== What you should do ==
Repeat only the lines from the one containing "Usata Alfa Romeo" to the final line below, exactly as they read, and leave every picture out.

== Supplied information ==
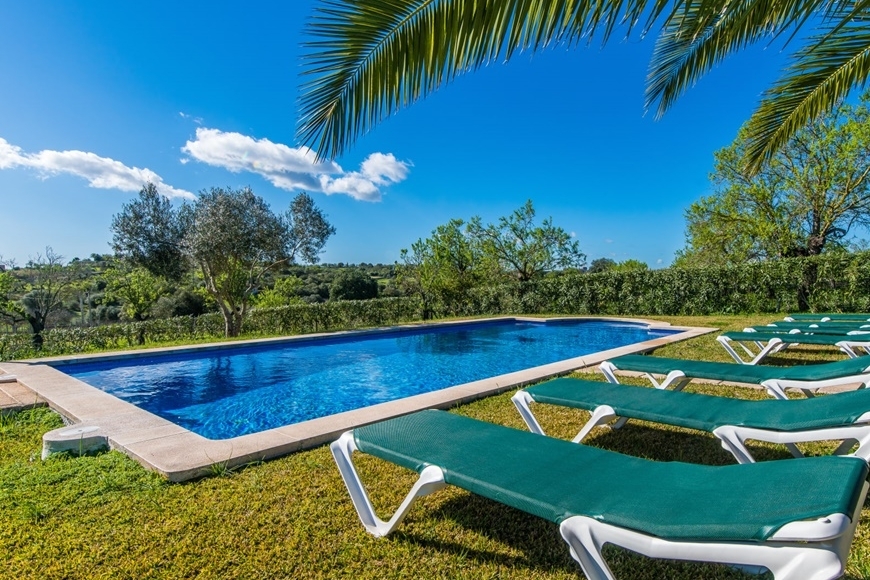 VILLA with RENTAL LICENSE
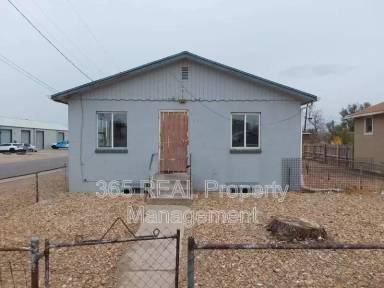 Main picture of 2700 7 Avenue - Unit 2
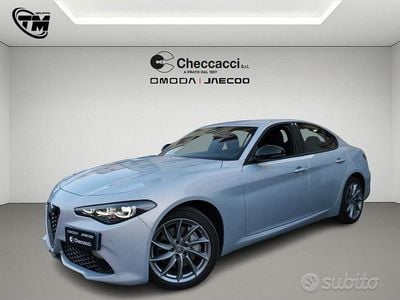 Usata Alfa Romeo Giulia 280 CV (205 kW) 2024 Bianco Berlina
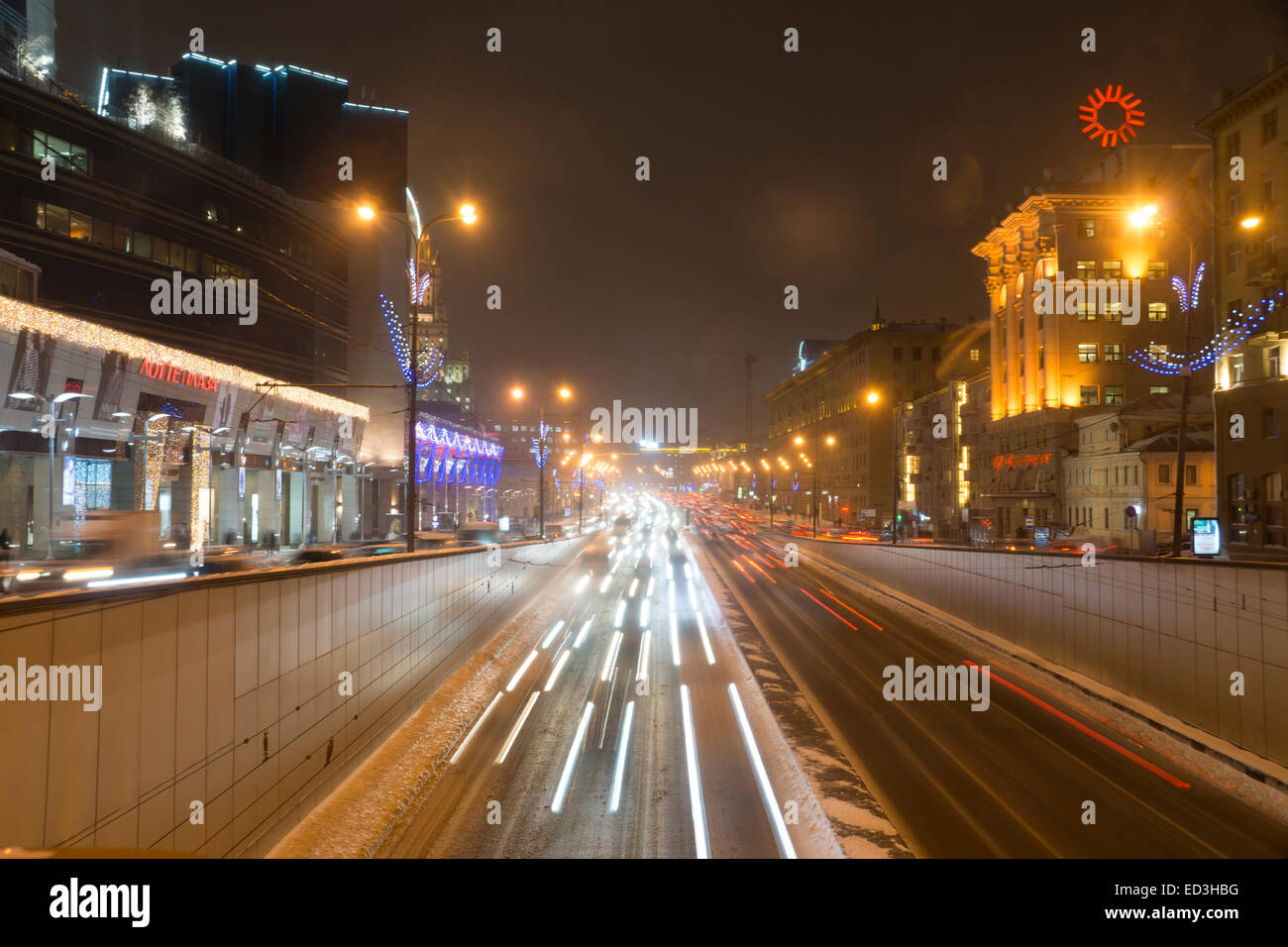 Moskau, Russland. 25. Dezember 2014. Heftige Schneefälle in Moskau verursacht massiven Verkehr Marmeladen. Bildnachweis: Elkhan Mamedov/Alamy Live-Nachrichten Stockfoto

== Task answer ==
 Usata Alfa Romeo Giulia 280 CV (205 kW) 2024 Bianco Berlina
 Moskau, Russland. 25. Dezember 2014. Heftige Schneefälle in Moskau verursacht massiven Verkehr Marmeladen. Bildnachweis: Elkhan Mamedov/Alamy Live-Nachrichten Stockfoto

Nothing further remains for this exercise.